Really nice centerpiece! It males your tank look cool and the black gravel is nice too.


----------



## Atena (Apr 29, 2012)

Thanks!


----------



## laoshun (Apr 3, 2012)

A neutral setting with the white gravel and more natural look with the mopani wood.


----------



## mattoboy (Feb 4, 2012)

My driftwood for sure, its like the local thug hangout where all the fish like to "chill"


----------



## ILLBETHEJUDGE (Feb 27, 2012)

That piece of driftwood is amazing! I've been looking for something like that for quite a while now but i Haven't been able to find anything i like, everything i see on the stores are small and really expensive pieces.


----------



## Cinderwolf (Dec 22, 2011)

I agree! I am still on the hunt for a beautiful drift wood piece D: For now, I have this rock bridge I have had for ages. It is a cave, and has about an inche and a half burried under sand, when it isnt buirried it is a complet ring, with the bottom connected .


----------



## ILLBETHEJUDGE (Feb 27, 2012)

It's amazing how great your tank looks!


----------



## Cinderwolf (Dec 22, 2011)

ILLBETHEJUDGE said:


> It's amazing how great your tank looks!

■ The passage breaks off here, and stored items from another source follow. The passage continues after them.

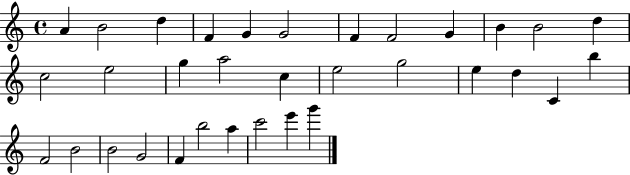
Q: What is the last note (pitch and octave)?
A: G6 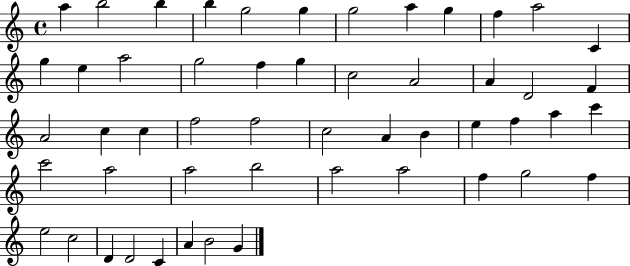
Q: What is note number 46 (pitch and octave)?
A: C5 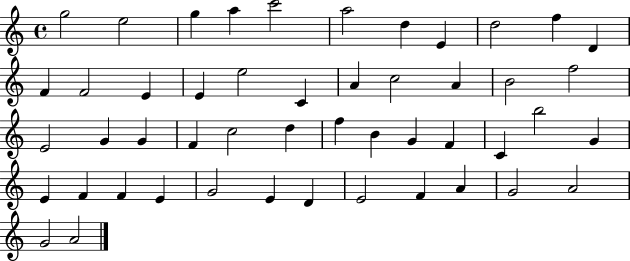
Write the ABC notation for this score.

X:1
T:Untitled
M:4/4
L:1/4
K:C
g2 e2 g a c'2 a2 d E d2 f D F F2 E E e2 C A c2 A B2 f2 E2 G G F c2 d f B G F C b2 G E F F E G2 E D E2 F A G2 A2 G2 A2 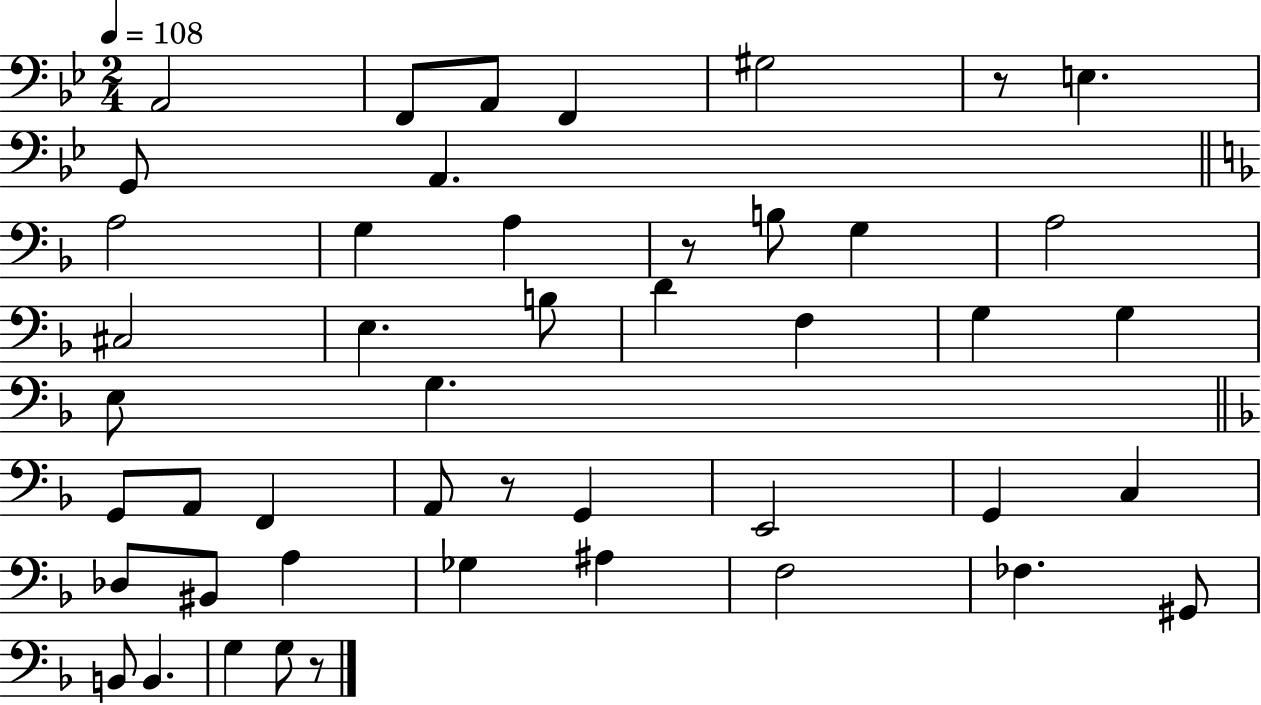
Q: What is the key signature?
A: BES major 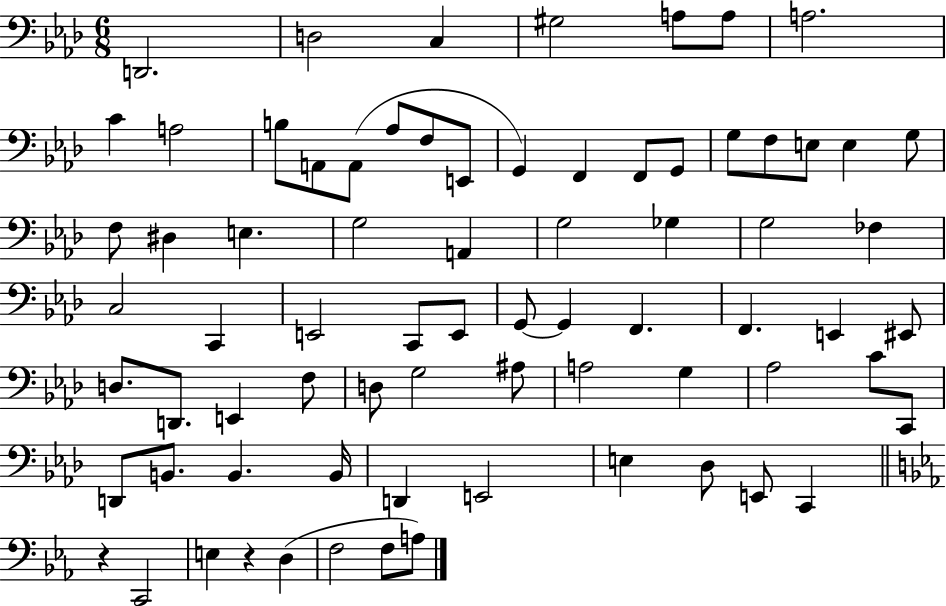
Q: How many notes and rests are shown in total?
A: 74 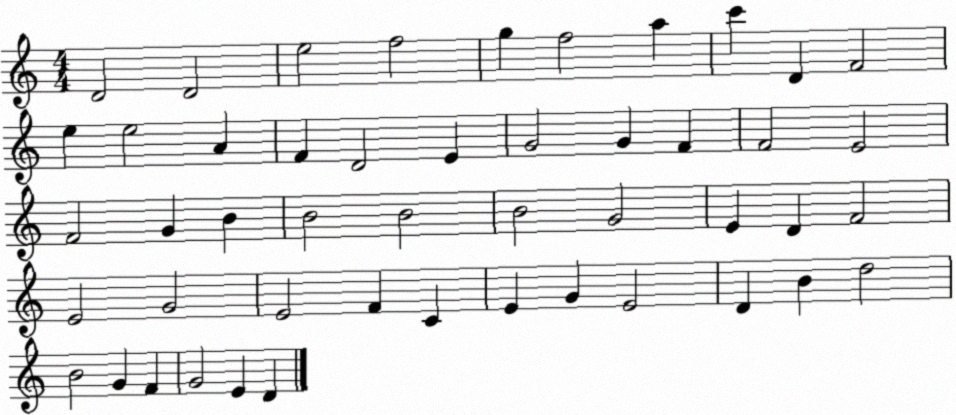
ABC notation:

X:1
T:Untitled
M:4/4
L:1/4
K:C
D2 D2 e2 f2 g f2 a c' D F2 e e2 A F D2 E G2 G F F2 E2 F2 G B B2 B2 B2 G2 E D F2 E2 G2 E2 F C E G E2 D B d2 B2 G F G2 E D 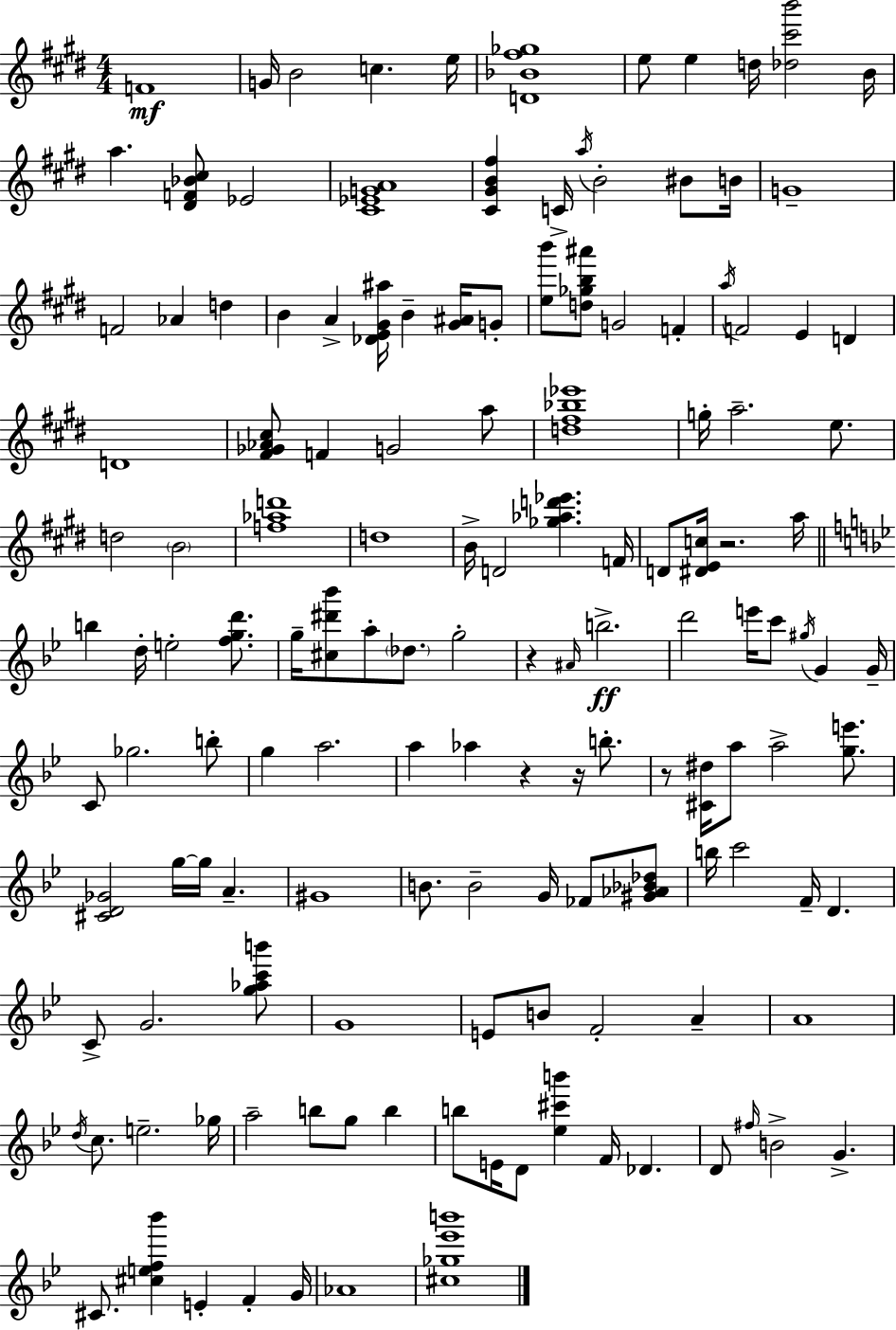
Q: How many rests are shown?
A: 5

THanks  At first, I had the hornwort stuck into the sand, and the top of the tank was more bare, but then it all started floating so it fills in the gaps, I love it. still stayed in the background yet makes the tank look so full. I have hornwort, mystery red plant ( that is growing in green) vals, wisteria and java fern. oh and Young Niel the moss ball. 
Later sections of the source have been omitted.